Siguiendo el sonido de los gorgoritos llegamos a la puerta de una iglesia embutida en mitad del mercadillo. Se trataba de St. James, un pequeño y escondido templo católico. Dentro, no más de tres personas y al fondo un grupo de músicos y un coro ensayando (el vídeo del post es de ese momento). Se trataba del Dixit Dominus de Handel interpretado, según pude averiguar a la salida, por Esterhazy Singers, y que iban a interpretar en breve allí mismo.

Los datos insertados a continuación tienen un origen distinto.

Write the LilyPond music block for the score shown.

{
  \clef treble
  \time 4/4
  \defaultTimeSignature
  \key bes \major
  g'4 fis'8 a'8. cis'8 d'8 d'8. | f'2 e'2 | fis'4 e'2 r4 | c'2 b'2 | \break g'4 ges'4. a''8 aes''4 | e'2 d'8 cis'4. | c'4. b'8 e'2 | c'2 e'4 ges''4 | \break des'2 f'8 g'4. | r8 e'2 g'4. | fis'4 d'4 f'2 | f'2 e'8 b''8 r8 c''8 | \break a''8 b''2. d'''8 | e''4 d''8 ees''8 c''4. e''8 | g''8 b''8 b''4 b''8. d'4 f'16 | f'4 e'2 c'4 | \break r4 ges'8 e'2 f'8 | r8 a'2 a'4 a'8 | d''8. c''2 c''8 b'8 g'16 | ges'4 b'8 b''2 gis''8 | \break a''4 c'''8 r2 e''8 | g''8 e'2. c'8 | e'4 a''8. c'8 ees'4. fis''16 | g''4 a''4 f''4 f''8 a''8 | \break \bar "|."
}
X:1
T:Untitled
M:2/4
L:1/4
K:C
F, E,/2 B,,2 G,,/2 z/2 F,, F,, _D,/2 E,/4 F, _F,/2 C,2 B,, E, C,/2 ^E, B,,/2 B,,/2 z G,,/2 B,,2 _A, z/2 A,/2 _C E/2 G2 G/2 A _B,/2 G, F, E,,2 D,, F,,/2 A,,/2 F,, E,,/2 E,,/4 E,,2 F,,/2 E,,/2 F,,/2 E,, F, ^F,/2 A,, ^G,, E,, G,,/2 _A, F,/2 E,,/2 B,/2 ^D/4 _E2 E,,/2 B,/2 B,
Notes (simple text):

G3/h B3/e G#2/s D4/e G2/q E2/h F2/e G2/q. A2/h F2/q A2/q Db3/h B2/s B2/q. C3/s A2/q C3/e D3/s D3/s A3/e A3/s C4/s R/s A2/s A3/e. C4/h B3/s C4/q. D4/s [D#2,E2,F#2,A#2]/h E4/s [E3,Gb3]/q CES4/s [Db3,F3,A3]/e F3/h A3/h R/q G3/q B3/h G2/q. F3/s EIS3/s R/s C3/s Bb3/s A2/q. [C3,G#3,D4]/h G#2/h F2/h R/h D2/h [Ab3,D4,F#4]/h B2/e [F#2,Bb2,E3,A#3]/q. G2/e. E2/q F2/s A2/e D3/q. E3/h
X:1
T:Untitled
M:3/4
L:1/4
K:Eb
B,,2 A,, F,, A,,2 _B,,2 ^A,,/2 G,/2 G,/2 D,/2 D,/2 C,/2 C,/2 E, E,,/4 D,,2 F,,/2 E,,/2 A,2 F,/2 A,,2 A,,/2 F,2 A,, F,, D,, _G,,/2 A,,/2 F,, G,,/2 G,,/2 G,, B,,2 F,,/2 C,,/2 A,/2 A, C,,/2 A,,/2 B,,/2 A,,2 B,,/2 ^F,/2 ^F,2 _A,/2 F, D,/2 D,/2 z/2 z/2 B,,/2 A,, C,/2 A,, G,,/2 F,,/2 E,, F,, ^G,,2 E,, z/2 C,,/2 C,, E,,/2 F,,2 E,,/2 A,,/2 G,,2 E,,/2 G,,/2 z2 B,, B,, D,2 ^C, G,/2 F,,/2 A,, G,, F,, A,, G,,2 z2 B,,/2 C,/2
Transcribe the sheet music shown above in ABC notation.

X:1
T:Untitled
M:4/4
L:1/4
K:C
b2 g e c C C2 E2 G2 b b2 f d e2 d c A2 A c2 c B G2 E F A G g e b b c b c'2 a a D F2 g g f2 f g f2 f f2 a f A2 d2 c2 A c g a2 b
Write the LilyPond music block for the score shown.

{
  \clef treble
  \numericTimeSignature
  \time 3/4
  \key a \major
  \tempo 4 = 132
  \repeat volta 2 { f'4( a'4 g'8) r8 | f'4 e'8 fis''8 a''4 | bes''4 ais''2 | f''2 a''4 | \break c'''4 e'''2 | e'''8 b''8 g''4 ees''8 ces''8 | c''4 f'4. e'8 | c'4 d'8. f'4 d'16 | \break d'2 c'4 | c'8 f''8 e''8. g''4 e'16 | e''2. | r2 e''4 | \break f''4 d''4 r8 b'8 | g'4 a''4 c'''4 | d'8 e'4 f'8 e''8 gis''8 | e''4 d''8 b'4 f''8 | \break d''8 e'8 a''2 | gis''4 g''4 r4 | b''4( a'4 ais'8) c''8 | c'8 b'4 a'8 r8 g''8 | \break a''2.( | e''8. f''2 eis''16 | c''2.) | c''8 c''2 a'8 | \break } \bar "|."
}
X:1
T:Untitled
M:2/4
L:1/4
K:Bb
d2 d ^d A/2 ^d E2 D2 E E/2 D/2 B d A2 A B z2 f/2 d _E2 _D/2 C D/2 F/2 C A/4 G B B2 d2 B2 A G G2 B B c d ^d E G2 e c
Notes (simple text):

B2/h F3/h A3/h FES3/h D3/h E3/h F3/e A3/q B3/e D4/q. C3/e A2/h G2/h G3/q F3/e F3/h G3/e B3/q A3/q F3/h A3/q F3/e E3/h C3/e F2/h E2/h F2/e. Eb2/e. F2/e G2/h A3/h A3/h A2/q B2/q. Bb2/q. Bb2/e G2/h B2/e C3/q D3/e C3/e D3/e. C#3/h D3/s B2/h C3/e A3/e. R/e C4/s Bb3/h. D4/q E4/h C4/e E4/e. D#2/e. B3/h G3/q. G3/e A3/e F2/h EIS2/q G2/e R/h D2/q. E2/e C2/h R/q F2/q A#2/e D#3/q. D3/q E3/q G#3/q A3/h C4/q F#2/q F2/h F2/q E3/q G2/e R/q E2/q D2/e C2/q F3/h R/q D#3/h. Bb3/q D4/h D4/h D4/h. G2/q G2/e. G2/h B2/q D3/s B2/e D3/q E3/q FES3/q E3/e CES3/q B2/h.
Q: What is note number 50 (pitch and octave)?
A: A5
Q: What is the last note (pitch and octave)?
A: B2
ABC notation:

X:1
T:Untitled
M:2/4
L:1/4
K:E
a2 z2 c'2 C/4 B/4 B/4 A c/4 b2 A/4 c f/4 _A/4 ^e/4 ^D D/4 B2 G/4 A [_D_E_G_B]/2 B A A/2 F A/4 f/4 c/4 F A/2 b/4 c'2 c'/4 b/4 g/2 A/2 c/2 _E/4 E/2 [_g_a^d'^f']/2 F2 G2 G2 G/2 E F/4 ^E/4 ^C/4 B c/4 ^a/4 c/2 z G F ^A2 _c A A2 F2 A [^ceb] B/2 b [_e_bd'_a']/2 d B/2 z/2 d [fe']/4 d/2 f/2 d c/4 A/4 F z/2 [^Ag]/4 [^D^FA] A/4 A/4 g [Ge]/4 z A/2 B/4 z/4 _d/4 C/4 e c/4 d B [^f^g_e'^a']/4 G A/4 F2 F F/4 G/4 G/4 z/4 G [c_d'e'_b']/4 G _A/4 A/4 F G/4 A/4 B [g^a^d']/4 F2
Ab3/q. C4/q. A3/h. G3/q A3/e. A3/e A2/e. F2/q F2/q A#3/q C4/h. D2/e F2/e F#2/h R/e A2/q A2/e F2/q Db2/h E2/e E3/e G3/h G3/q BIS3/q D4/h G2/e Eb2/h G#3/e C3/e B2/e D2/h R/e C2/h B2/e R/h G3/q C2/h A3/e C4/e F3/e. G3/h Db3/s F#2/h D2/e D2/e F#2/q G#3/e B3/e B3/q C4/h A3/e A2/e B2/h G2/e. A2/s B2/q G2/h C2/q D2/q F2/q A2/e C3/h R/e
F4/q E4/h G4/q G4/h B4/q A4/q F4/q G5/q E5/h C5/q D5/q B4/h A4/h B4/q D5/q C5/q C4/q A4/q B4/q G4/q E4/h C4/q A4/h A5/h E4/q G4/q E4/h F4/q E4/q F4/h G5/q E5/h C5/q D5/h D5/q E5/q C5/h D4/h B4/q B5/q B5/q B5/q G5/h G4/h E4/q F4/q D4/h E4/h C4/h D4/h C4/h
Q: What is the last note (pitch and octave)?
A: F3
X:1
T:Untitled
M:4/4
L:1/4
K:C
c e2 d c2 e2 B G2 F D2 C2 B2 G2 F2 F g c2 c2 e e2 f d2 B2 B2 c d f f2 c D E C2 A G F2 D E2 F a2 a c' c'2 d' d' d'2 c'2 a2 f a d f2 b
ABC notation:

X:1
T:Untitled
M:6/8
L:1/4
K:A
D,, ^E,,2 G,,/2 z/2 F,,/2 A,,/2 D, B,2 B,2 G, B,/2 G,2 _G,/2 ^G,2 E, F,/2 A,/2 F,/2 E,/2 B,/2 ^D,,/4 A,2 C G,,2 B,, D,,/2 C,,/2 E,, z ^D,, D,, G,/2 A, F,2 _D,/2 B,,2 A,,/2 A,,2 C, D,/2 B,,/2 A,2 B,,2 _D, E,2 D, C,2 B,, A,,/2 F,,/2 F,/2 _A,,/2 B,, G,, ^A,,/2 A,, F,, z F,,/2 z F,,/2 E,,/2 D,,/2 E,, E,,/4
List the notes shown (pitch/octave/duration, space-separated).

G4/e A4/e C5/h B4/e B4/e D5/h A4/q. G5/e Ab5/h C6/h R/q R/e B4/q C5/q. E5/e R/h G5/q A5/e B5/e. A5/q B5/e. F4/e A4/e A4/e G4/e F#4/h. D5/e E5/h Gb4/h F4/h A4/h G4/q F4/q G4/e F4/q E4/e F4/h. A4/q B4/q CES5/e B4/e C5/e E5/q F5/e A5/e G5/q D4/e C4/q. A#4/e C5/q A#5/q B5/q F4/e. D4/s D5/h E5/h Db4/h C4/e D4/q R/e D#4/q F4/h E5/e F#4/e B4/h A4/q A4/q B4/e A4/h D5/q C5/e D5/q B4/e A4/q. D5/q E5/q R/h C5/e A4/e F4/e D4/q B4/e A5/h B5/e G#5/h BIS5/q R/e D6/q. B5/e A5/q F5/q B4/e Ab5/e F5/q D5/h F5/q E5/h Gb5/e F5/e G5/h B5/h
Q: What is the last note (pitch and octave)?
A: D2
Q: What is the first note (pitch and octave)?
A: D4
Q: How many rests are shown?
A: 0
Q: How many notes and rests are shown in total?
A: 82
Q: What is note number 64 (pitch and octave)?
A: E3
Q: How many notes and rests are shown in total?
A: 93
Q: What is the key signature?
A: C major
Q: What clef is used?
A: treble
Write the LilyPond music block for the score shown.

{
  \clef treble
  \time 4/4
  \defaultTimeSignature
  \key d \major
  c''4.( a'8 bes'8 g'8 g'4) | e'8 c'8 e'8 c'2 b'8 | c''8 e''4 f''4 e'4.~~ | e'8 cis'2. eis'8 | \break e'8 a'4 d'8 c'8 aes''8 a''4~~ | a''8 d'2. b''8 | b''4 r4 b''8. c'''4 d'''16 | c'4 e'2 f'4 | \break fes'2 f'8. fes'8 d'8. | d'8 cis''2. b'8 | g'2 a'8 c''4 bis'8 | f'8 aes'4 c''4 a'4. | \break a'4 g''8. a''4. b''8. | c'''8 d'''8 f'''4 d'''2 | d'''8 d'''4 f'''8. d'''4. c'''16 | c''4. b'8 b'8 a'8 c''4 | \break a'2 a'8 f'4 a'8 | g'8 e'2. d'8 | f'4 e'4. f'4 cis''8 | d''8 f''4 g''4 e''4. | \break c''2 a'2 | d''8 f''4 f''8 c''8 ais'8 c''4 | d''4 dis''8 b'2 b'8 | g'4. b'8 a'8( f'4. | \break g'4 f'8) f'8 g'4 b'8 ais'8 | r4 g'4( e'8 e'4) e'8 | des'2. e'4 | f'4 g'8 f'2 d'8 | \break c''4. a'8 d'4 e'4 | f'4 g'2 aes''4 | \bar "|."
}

Nos sentamos al fondo para no molestar y pasamos allí más de media hora en silencio, casi solos y absortos. Seguro que no fue la mejor interpretación posible, que la iglesia no estaba engalanada para la ocasión y que los ejecutantes iban de trapillo… Da igual. Parecía como si estuviera todo preparado solo para nosotros, para que llegáramos en ese preciso instante y disfrutáramos el momento olvidando lo que había fuera.
Solo por esa media hora larga ya mereció la pena ir a Londres (con permiso del Palacio de Westminster, Trafalgar Square y la torre de Londres).
21 de julio de 2014 a las 17:25
Espectacular! Vaya voces que se gastan, espero que disfrutarais del viaje!!!